- Work item
Required from the data below: the exact lines starting at the line containing "BENETTON Mens Slim Shirt Medium White Floral" and ending at the line containing "VT COSMETICS CICA", with both ends kept and all pictures dropped.

- Records to process
····················
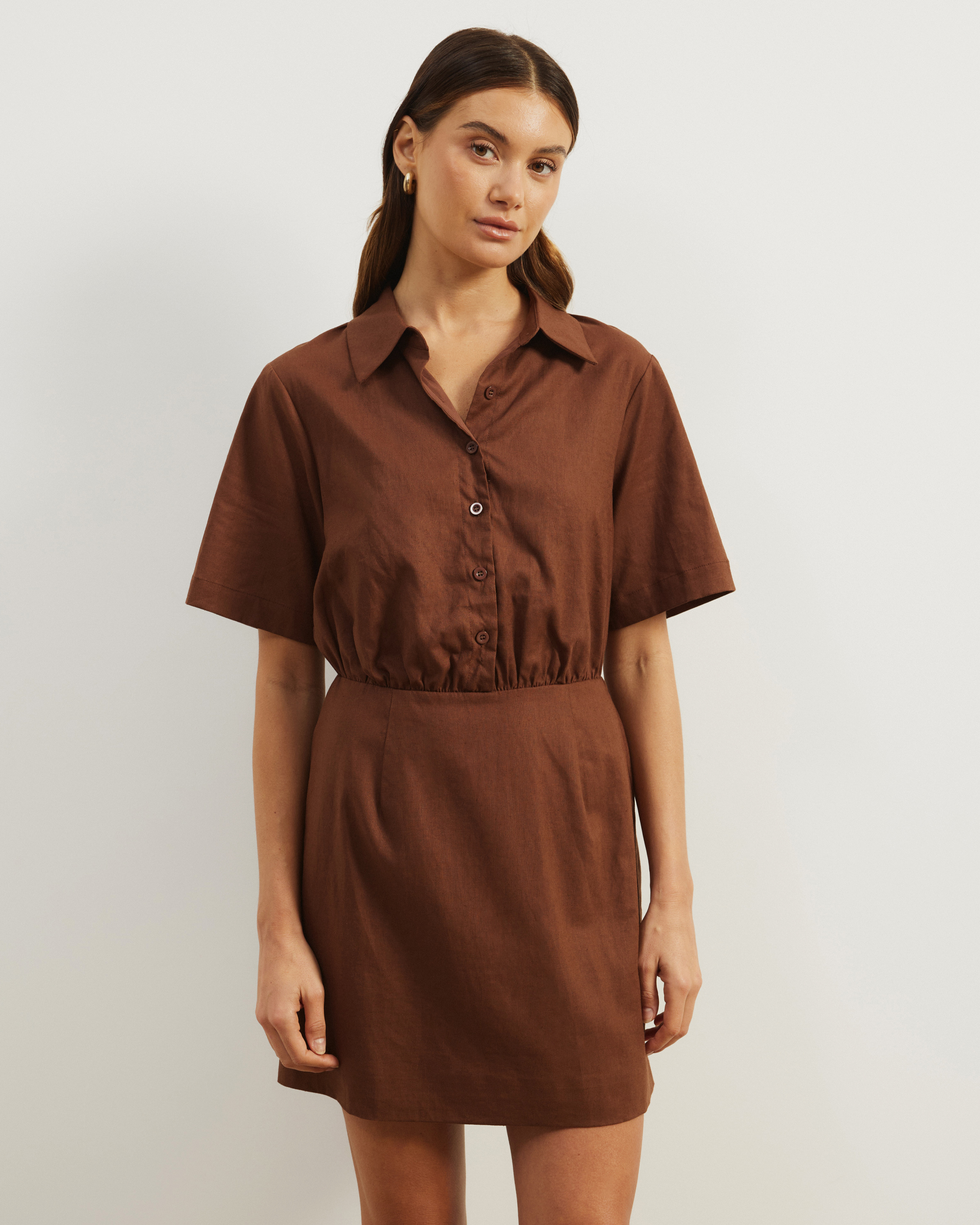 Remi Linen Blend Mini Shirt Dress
····················
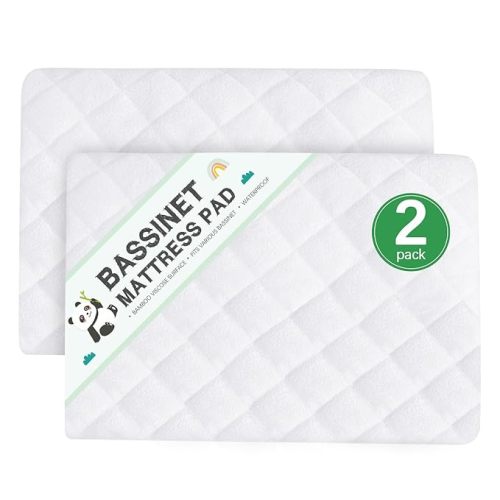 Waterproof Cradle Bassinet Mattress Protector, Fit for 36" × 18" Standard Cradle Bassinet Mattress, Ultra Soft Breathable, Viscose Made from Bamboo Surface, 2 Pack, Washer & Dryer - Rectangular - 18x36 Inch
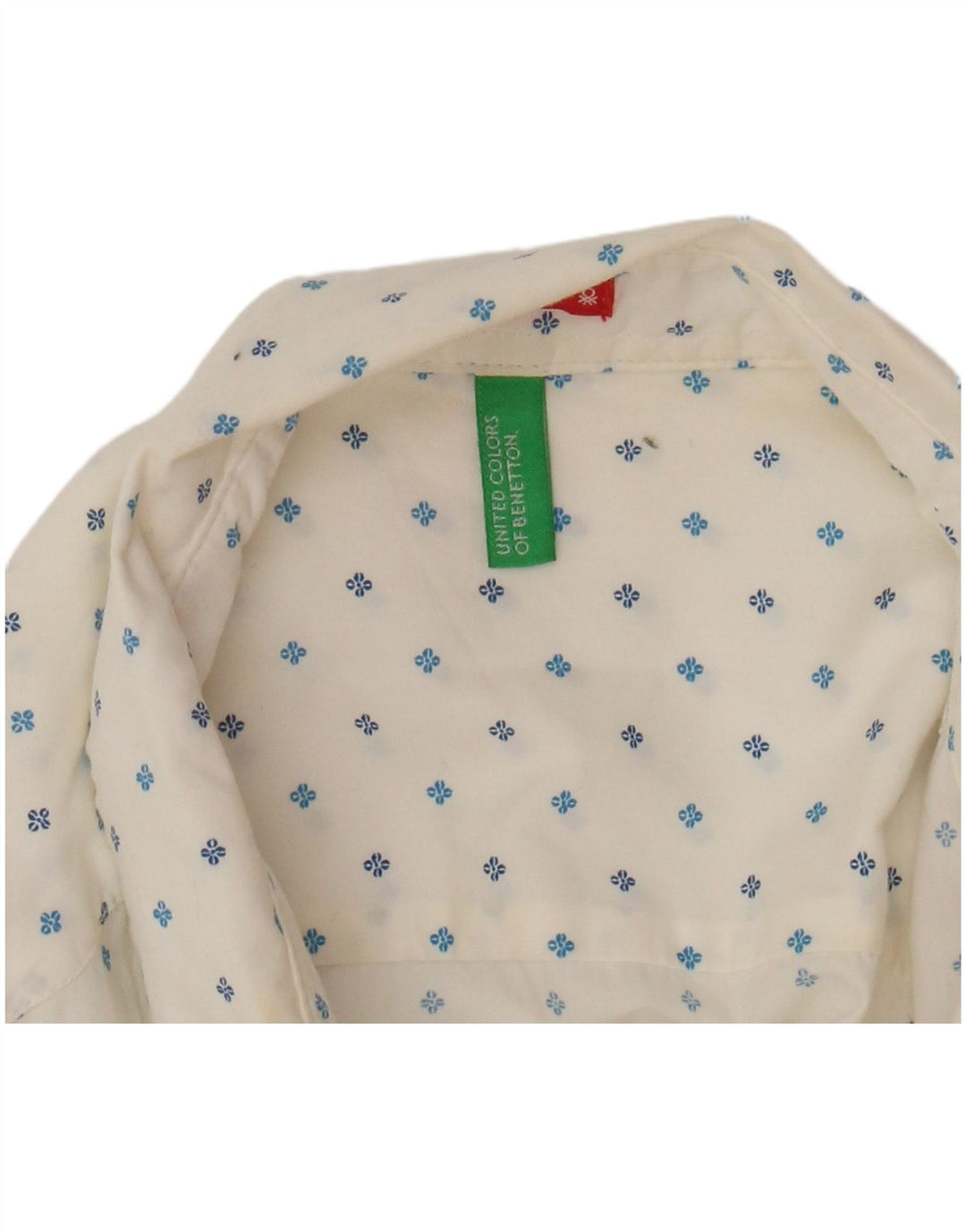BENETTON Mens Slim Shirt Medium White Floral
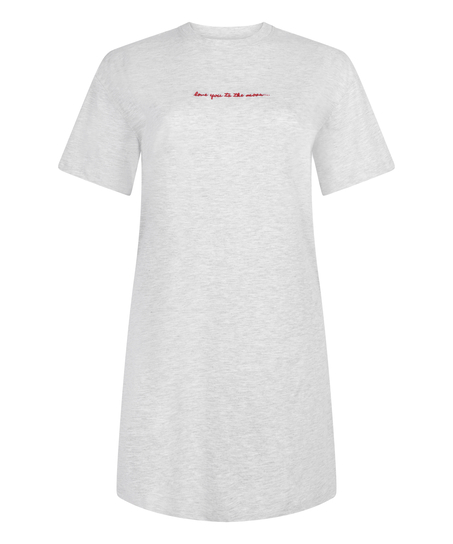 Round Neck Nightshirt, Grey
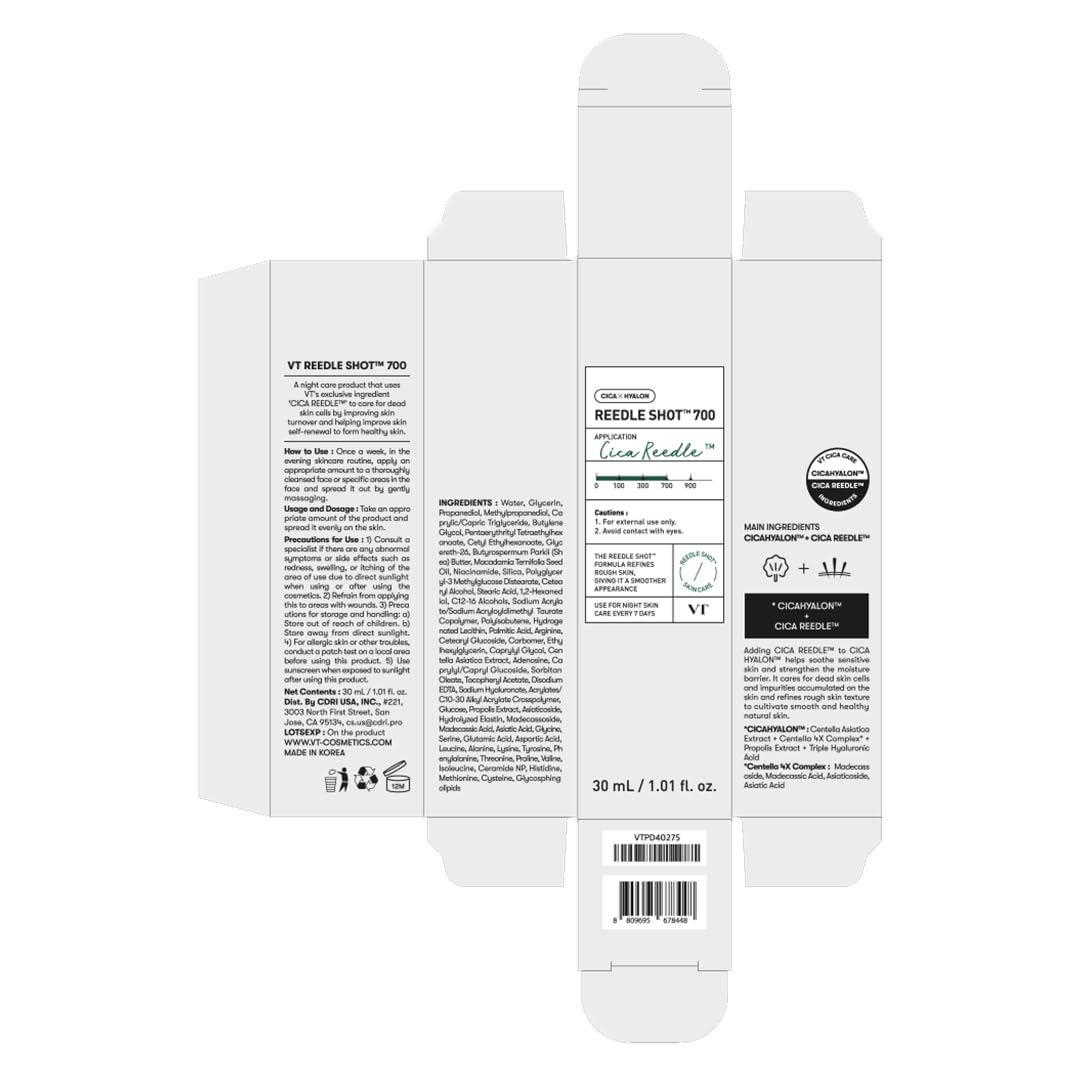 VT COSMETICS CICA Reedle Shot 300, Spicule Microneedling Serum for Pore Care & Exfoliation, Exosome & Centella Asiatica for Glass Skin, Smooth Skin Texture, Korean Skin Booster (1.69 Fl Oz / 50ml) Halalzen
····················
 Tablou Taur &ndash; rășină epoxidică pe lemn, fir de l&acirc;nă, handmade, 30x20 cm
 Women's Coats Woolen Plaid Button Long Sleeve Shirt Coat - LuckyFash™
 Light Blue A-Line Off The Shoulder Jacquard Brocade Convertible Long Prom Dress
····················
- Expected output
BENETTON Mens Slim Shirt Medium White Floral
 Round Neck Nightshirt, Grey
 VT COSMETICS CICA Reedle Shot 300, Spicule Microneedling Serum for Pore Care & Exfoliation, Exosome & Centella Asiatica for Glass Skin, Smooth Skin Texture, Korean Skin Booster (1.69 Fl Oz / 50ml) Halalzen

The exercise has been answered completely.